According to Frank Borman’s recollections, NASA did not give instructions on the content of the greeting. “We were told that on Christmas Eve we would have the largest audience ever to watch or listen to a Broadcast,” the astronaut recalled. “And the only instruction we got from NASA was to do something appropriate.”
The audience was indeed huge — about a quarter of the world’s population.
The most important photograph of the twentieth century
On the third orbit around the Moon, the astronauts admired the landscape: the blue ball that was home to all of humanity floated above the jagged lunar landscape. Of course, the astronauts had already seen the Earth and contemplated the Moon, but now they saw them together. William Anders took a shot that went down in history as “Earthrise over the Lunar Horizon”
This picture was called the most important photograph of the twentieth century. However, a slightly modified version of the image went down in history.

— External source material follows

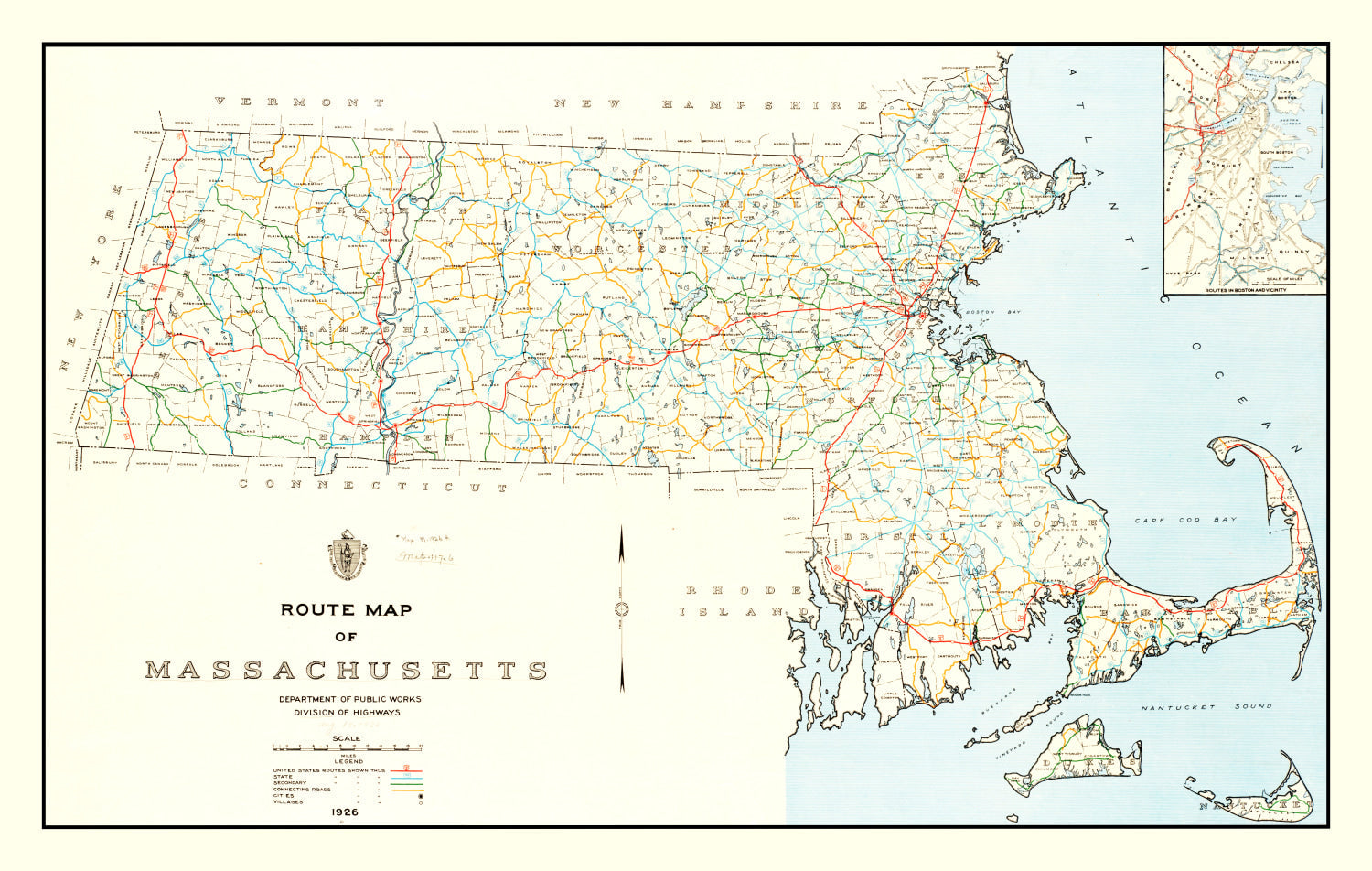 Vintage Map of Massachusetts 1926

When the photo was presented to the media, the Moon was standing on the right side of the picture, and the Earth was hanging in the darkness on the left. Nine years later, George Lucas used this angle in Star Wars to depict the appearance of the Death Star near the planet Yavin. However, later the image was rotated 90° and this is how it went down in history. The Moon became a plane with a horizon, and the darkness of space became the sky in which the Earth rises. According to NASA experts, this angle makes the image more personal: it evokes associations with a familiar sunrise or moonrise and helps the observer find their place in the image.
Returning home
The crew was returning home from their lunar journey during the Christmas holidays and NASA had to coordinate the flight dates with the US Navy. It was the Navy that was responsible for delivering the astronauts after their splashdown. The head of NASA’s manned program traveled personally to meet with Admiral McCain to convince him to recall several hundred servicemen from their furlough.

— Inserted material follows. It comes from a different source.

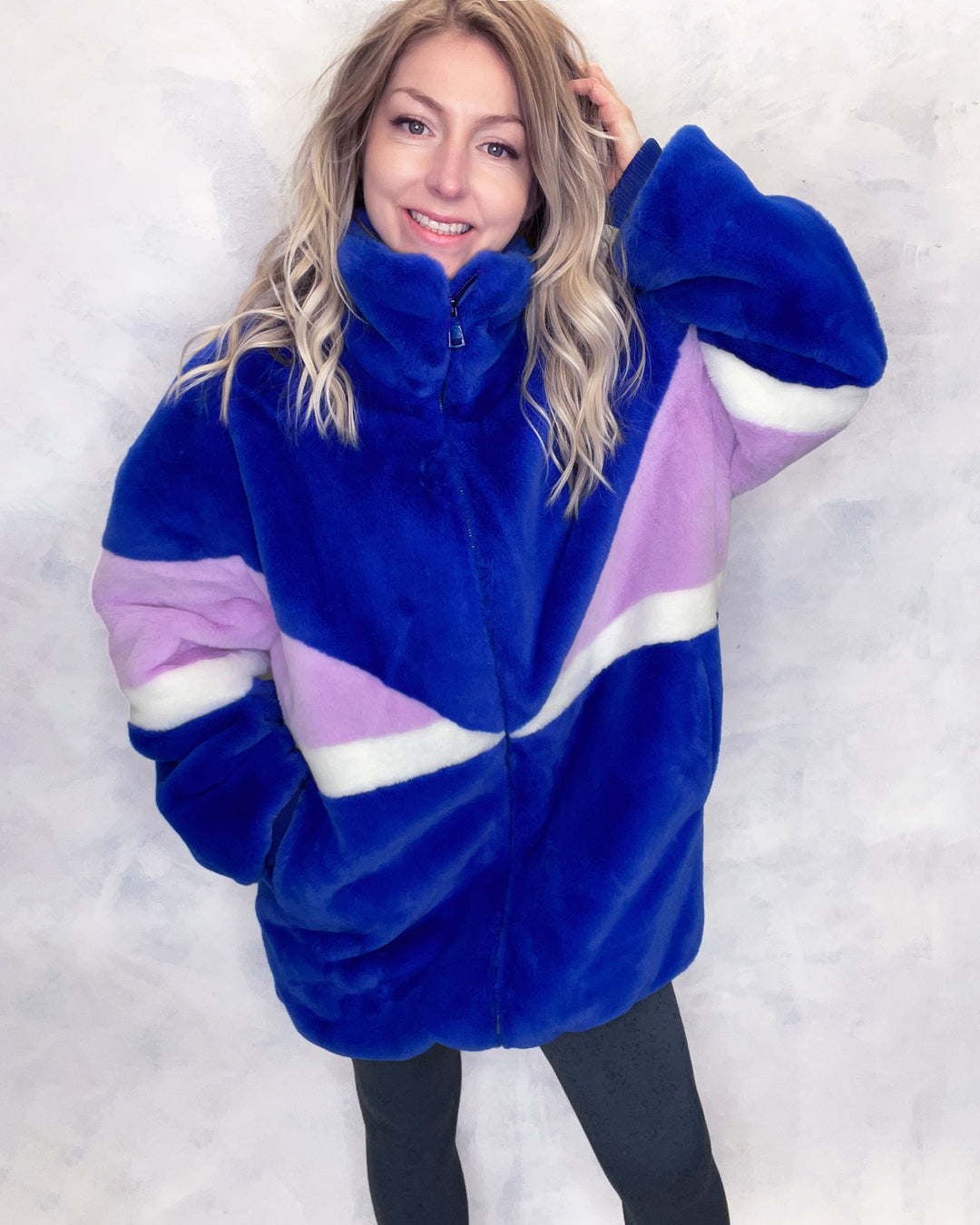 Royal Blue & Lilac Faux Fur Long Bomber Jacket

The admiral immediately agreed because he believed that American achievements in space could boost the morale of the nation, including the military who had participated in the Vietnam War. The commander’s son, the future senator and great friend of Ukraine, John McCain, was a prisoner of war in Vietnam at the time.

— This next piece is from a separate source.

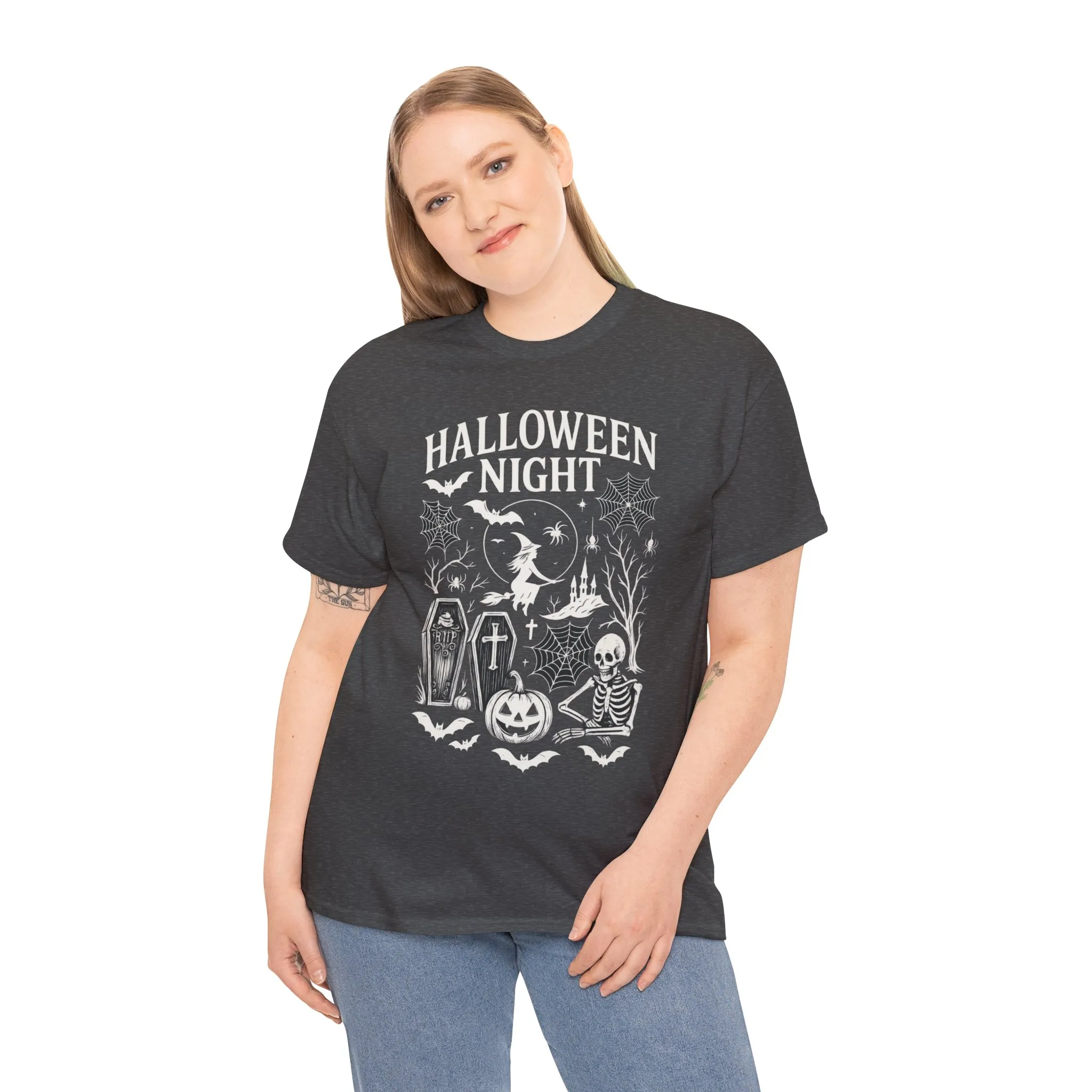 Halloween Night Women's T-Shirt, Gothic Witch Skeleton Pumpkin Tee, Spooky Scary Shirt for Halloween Party - Image 12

And one more interesting fact. While the crew was flying around the Moon, the daughter of the newly elected US President Nixon and the grandson of President Eisenhower were getting married on Earth. And at their wedding, the first toast was to Apollo 8! Thus, the 37th and 34th US presidents were matchmakers.
Now it’s a tradition
Since then, the tradition of celebrating Christmas in space has established. On orbit, astronauts sing songs, exchange gifts, decorate the ISS with festive socks for gifts, and watch Christmas movies to cheer up at an altitude of several hundred kilometers above the Earth.